(Supplied records)
┌──
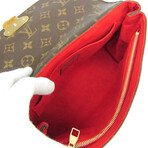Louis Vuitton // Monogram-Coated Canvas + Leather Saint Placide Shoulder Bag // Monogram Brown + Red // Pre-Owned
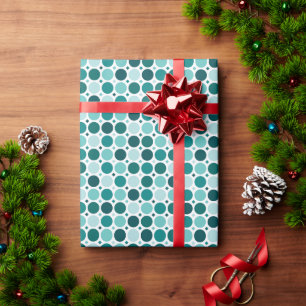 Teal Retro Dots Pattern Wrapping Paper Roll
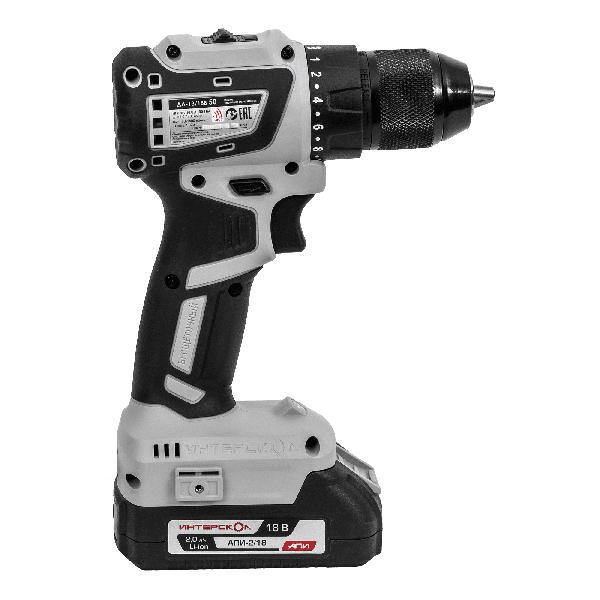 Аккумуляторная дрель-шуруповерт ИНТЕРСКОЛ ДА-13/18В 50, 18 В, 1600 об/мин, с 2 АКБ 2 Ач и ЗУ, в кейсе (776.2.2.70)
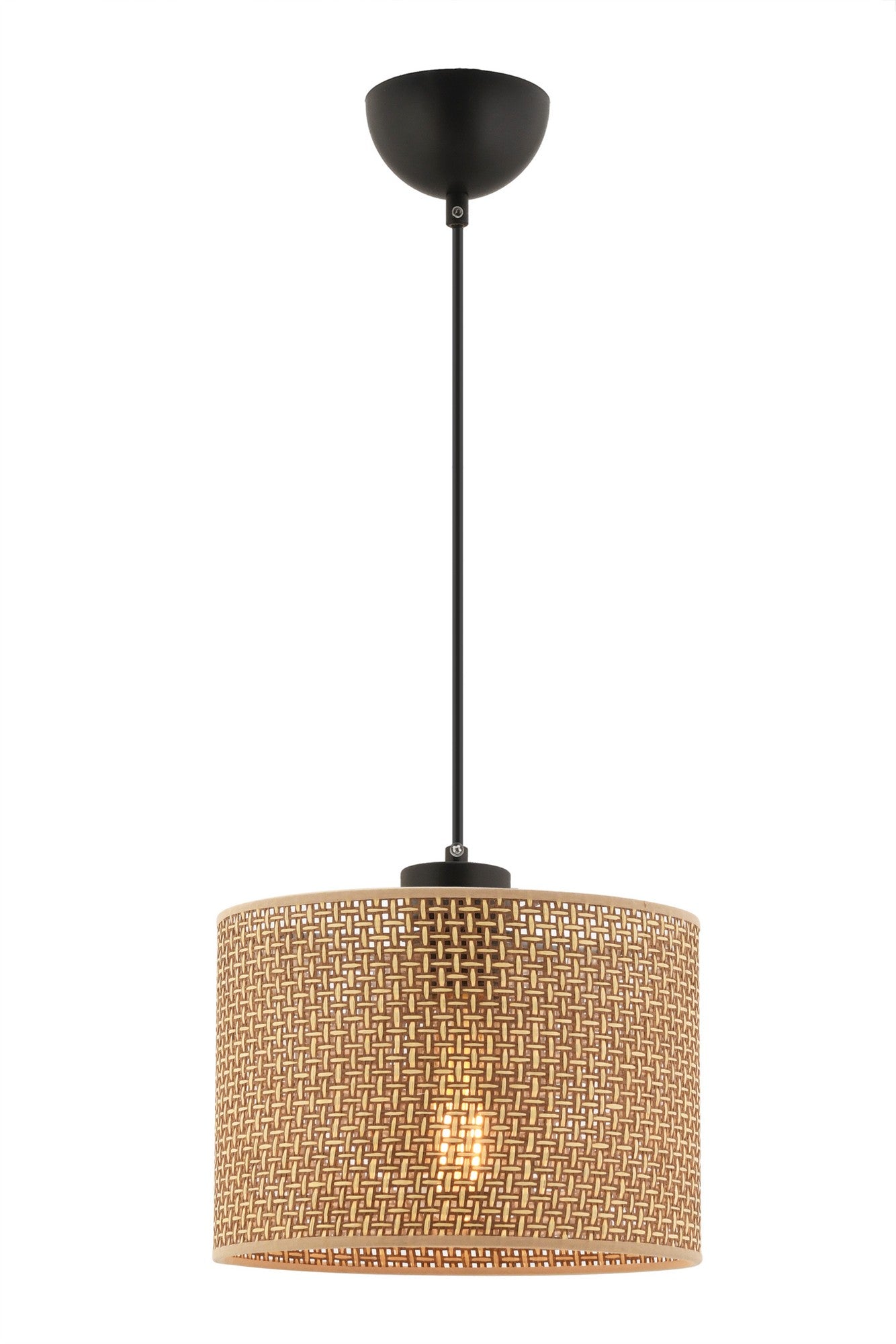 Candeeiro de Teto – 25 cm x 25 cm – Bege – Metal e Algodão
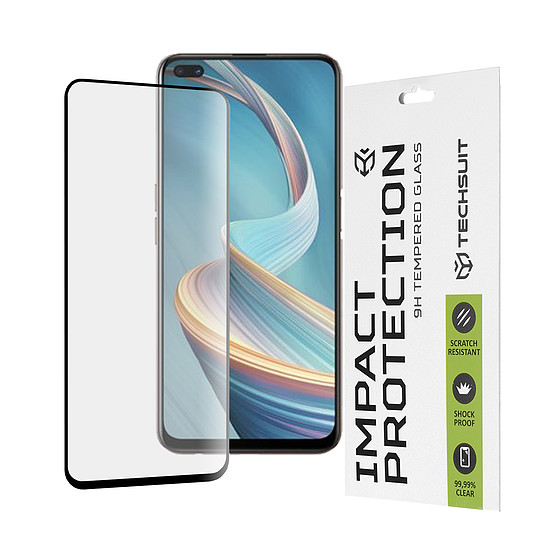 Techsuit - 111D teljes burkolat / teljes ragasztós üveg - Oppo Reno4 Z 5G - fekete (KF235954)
└──
(Work request) Without any pictures, restate word for word only the lines from the one with "Teal Retro Dots Pattern Wrapping Paper Roll" through the end of the listing.

(Answer to this task)
 Teal Retro Dots Pattern Wrapping Paper Roll
 Аккумуляторная дрель-шуруповерт ИНТЕРСКОЛ ДА-13/18В 50, 18 В, 1600 об/мин, с 2 АКБ 2 Ач и ЗУ, в кейсе (776.2.2.70)
 Candeeiro de Teto – 25 cm x 25 cm – Bege – Metal e Algodão
 Techsuit - 111D teljes burkolat / teljes ragasztós üveg - Oppo Reno4 Z 5G - fekete (KF235954)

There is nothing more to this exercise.